3. The Adviser directly, or through the Distributor, may, subject to
the approval of the Trustees, make payments to securities dealers and
other third parties who engage in the sale of shares or who render
shareholder support services, including but not limited to providing
office space, equipment and telephone facilities, answering routine
inquiries regarding the Portfolio, processing shareholder transactions
and providing such other shareholder services as the Fund may
reasonably request.
4. The Portfolio will not make separate payments as a result of this
Plan to the Adviser, Distributor or any other party, it being
recognized that the Portfolio presently pays, and will continue to
pay, a management fee to the Adviser.

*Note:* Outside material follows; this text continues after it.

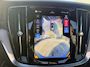 Volvo V60 2.0 T8 Plug-in hybrid AWD Plus Dark | Trekhaak | Panoramadak | Memory |
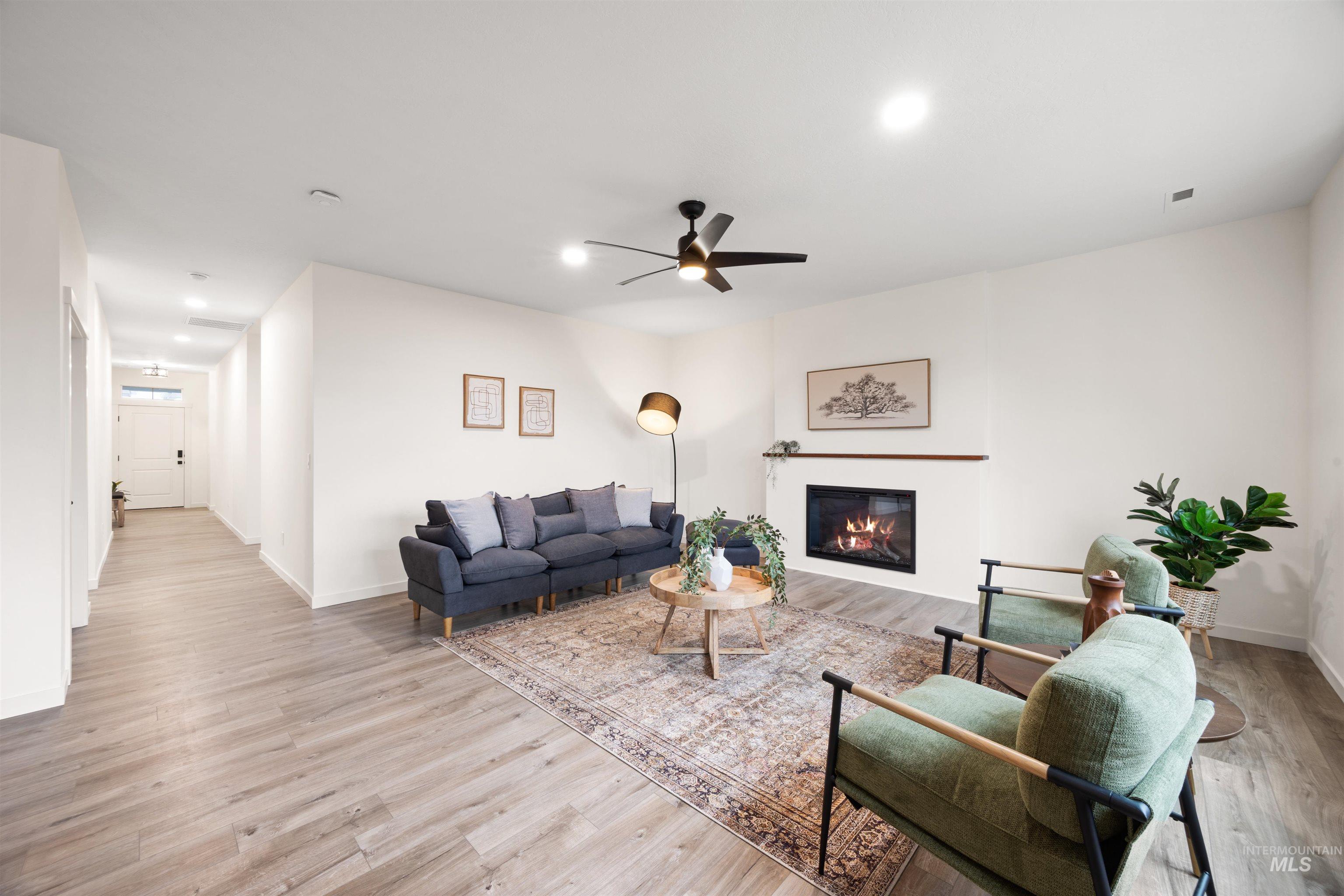 6864 W Corona Street, Boise, Idaho 83709, 4 Bedrooms, 2 Bathrooms, Residential For Sale, Price $589,900,MLS 98972400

To the extent that any payments
made by the Portfolio to the Adviser, including payment of management
fees, should be deemed to be indirect financing of any activity
primarily intended to result in the sale of shares of the Portfolio
within the context of Rule 12b-1 under the Act, then such payments
shall be deemed to be authorized by this Plan.
5. This Plan shall become effective upon the first business day of
the month following approval by a vote of at least a "majority of the
outstanding voting securities of the Portfolio" (as defined in the
Act), the plan having been approved by a vote of a majority of the
Trustees of the Fund, including a majority of Trustees who are not
"interested persons" of the Fund (as defined in the Act) and who have
no direct or indirect financial interest in the operation of this Plan
or in any agreements related to this Plan (the "Independent
Trustees"), cast in person at a meeting called for the purpose of
voting on this Plan.
6. This Plan shall, unless terminated as hereinafter provided, remain
in effect from the date specified above until April 30, 2000 and from
year to year thereafter, provided, however, that such continuance is
subject to approval annually by a vote of a majority of the Trustees
of the Fund, including a majority of the Independent Trustees, cast in
person at a meeting called for the purpose of voting on this Plan.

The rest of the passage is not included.